Class attributes are marked with the static keyword, meaning that they can be accessed without
instanciation.
Example:

public class Person{


public static final int TOTAL_PERSONS;
private String firstname;
With this class, we can use Person.TOTAL_PERSONS, but not Person.firstname. To get/set the
first name you first need to create an instance of that class:
Person p = new Person();
p.setFirstname("foo");

Static/Class methods
There are two types of methods:

Instance methods are associated with an object and use the instance variables of that
object. This is the default.
Static methods use no instance variables of any object of the class they are defined in.

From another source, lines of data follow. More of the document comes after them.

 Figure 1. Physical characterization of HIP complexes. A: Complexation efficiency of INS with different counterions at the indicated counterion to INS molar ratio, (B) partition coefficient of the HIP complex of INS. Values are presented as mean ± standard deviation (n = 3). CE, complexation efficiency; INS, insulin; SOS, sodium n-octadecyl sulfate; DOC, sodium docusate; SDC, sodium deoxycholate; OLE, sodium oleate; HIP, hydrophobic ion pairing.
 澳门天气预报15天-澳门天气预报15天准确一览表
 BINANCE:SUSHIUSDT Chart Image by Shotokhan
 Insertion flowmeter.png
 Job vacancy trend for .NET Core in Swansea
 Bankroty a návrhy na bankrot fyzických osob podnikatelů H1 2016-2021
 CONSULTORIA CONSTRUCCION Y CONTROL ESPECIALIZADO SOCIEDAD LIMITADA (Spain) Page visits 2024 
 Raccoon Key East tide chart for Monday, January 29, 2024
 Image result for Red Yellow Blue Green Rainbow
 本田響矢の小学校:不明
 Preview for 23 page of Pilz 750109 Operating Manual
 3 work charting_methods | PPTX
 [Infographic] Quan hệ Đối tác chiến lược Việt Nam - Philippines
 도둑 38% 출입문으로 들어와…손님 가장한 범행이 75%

Why declare a method static?

Documentation. Anyone seeing that a method is static will know how to call it (see
below). Similarly, any programmer looking at the code will know that a static method
can't interact with instance variables, which makes reading and debugging easier.
Efficiency. A compiler will usually produce slightly more efficient code because no
implicit object parameter has to be passed to the method.

Pass by value vs. pass by reference


When you pass a parameter by value, you are creating a copy of the original variable and the
receiving (method/function) cannot change the original value.
When you pass by reference you are passing a pointer to the original object and therefore any
changes are made to the original value.

In java pass by value is the technique where a copy of the variable is passed to the method as
argument. This value can be modified inside the method but that would not affect the original
value.
Pass by reference is the technique where the reference to the actual variable is passed to the
method as argument. Any changes to this variable would affect and alter the original value.
Usually primitive data types are passed by value and objects are passed by reference in java.
Java is always pass-by-value. The difficult thing can be to understand that Java passes objects as
references and those references are passed by value.
In Java, Objects are passed by reference, and primitives are passed by value.
This is half incorrect. Everyone can easily agree that primitives are passed by value; there's no
such thing in Java as a pointer/reference to a primitive. However, Objects are not passed by
reference. A correct statement would be Object references are passed by value.

Pass by name
Call by name: re-evaluate the actual parameter on every use. For actual parameters that are
simple variables, this is the same as call by reference. For actual parameters that are expressions,
the expression is re-evaluated on each access. It should be a runtime error to assign into a formal
parameter passed by name, if the actual parameter is an expression.
Call-by-name similar to call-by-reference in that you can change the value of the passed in
parameter. It differs from call-by-reference in that the parameter is not evaluated before the
procedure is called but is instead evaluated lazily. That is, it is evaluated when and only when the
parameter is actually used.

Javascript Memory Management


JavaScript values are allocated when things (objects, strings, etc.) are created and
"automatically" free when they are not used anymore. The latter process is called garbage
collection.

Memory lifecycle
Regardless of the programming language, memory lifecycle is pretty much always the same:

Allocate the memory you need

use it (read, write)


Release the allocated memory when it is not needed anymore

Allocation in JavaScript
Value initialization
In order not to bother the programmer with allocations, JavaScript does it alongside with
declaring values.
var n = 123; // allocates memory for a number
var s = "azerty"; // allocates memory for a string
var o = { a: 1, b: null }; // allocates memory for an object and contained values
var a = [1, null, "abra"]; // (like object) allocates memory for the array and contained values
function f(a){ return a + 2; } // allocates a function (which is a callable object)

Javascript always passes by value. However, if you pass an object to a function, the "value" is
really a reference to that object, so the function can modify that object's properties but not cause
the variable outside the function to point to some other object.